Еще до прибытия в Израиль Зингер обнаружил ряд социальных проблем, с которыми сталкиваются его граждане. «Трудно, очень трудно собрать воедино народ, части которого далеки друг от друга как восток от запада <…> Удерживать вместе современных евреев означает удерживать вместе силы, которые могут распасться в любой момент. В этом проблема ишува». Это наблюдение представляет собой скорее диагноз, нежели критику. Неважно, насколько общие корни связывают евреев Израиля воедино — все равно невозможно забыть о различиях. Тем самым Зингер выделяет одну из главных задач еврейского государства.

Особенно поражает Зингера, когда он наконец прибывает в Израиль, тот факт, что страна, построенная на организационных принципах, заложенных в середине XIX века, выглядит так, будто появилась из ничего. Как ни странно, он задумывается об этом, глядя на указатели на улицах:

 

Израиль — молодая страна со смешанным населением, по большей части состоящим из новоприбывших, и им нужна информация на каждом шагу. Указатели на иврите — а часто и на английском языке — оповещают обо всем, что нужно. <…> Указатели не только предоставляют информацию, они полны ассоциаций… Каждая улица названа в честь кого‑то, кто сыграл роль в еврейской истории или культуре. Рабби Йеуда Галеви, Ибн‑Габироль, Й.‑Л. Гордон, Менделе, Шолом‑Алейхем, Перец, Бялик, Пинскер, Герцль, Фришман, Цейтлин — все они стали частью местной географии. Слова из Пяти‑книжия, из Мишны, из комментариев, из Гемары, из «Зоара», из книг еврейского Просвещения используются в рекламных и политических слоганах.

 

Во всем этом Зингеру нравится то, что даже наименее сочувствующие сионизму евреи ощущают свою связь с еврейской историей и культурой. «Живущий здесь немецкий еврей — в глубине души, может быть, немного сноб <…>, но его адрес — улица Шолом‑Алейхема. И ему приходится повторять это имя — три раза или сто раз в день». В указателях Зингер видит нечто, что гораздо глубже проникает в реальность и парадокс еврейской идентичности, — ее явную неизбежность.

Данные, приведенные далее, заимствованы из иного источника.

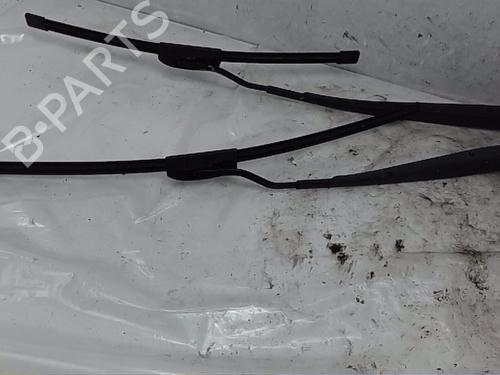 Used Front windshield wiper arm KIA SPORTAGE III (SL) 1.7 CRDi (116 hp) 16849588
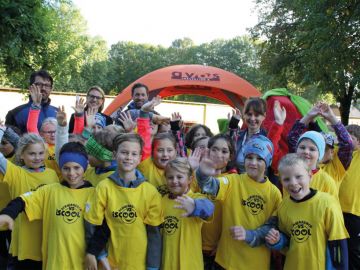 Auf dem Foto: Landesrätin Mag. Martina Berthold (re) mit Kindern der Volksschule Schwarzach sowie (v.l.) DI Hannes Lichtmannegger, AUVA, Mag. Angelika Bukovski, AVOS sowie Mag. Bernhard Bayer, AVOS.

Зингер быстро приходит от этих прозаических мыслей к самому ядру еврейской веры: «Еврейская культура, в лучшем смысле слова, пришла к евреям Израиля, как некогда на горе Синай, и воззвала к ним: берите меня, вы не можете больше меня игнорировать и не можете меня скрывать». В Израиле дух и религия вовсе не эфемерны, они присутствуют в реальности физически.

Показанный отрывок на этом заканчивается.